Vertex orderings: This is a characterization which says that a graph $G$ is a member of some class if and only if $V(G)$ has an ordering satisfying some specific property. For instance, chordal graphs are exactly those which admit a so-called "perfect elimination ordering."
Representations/Intersections: This is a characterization which says that a graph is a member of some class if and only if it may be "represented" as a model, usually in terms of intersection. For instance, interval graphs are exactly the graphs whose vertices may be represented as intervals of the real line, where adjacencies are encoded by whether two intervals (vertices) have nontrivial intersection.
Orientations: This is a characterization which says that a graph is a member of some class if and only if there is an orientation of the graph (i.e. an imposition of direction to each edge, changing them to arcs) satisfying some property. For instance, comparability graphs are exactly those which are transitively orientable.
Vertex partitions: This is a characterization which says that a graph $G$ is a member of some class if and only if $V(G)$ may be partitioned in a way satisfying certain properties. The example of bipartite graphs were given above, and others include polar graphs (those in which $V(G)$ may be partitioned into sets $A$ and $B$ such that the connected components of $\overline{G[A]}$ and $G[B]$ are both cliques), and threshold-tolerance graphs (which are exactly those which admit a so-called "blue-red partition").

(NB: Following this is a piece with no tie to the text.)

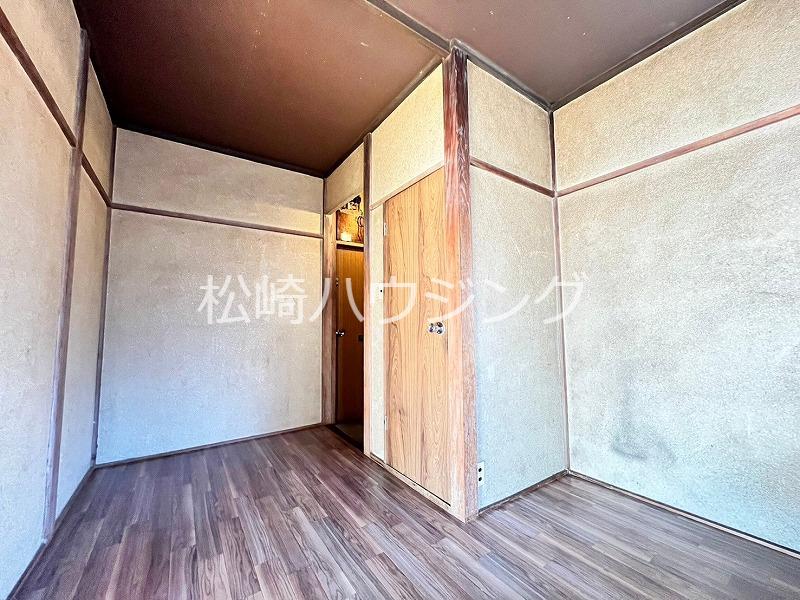 さいわい荘2階 畳は表替え予定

For reference, the site https://www.graphclasses.org/ is quite useful for this matter; especially for the characterizations by forbidden subgraphs. To get started, search up your favorite class of graphs, and (provided that they are well-studied and sufficiently "nice") there should be an equivalent characterization by forbidden subgraphs under the "Equivalent classes" heading. For example, when I search comparability graphs, we see that they are equivalently characterized by a list of 18 forbidden subgraphs (some of which are infinite families!).
Hopefully this helps.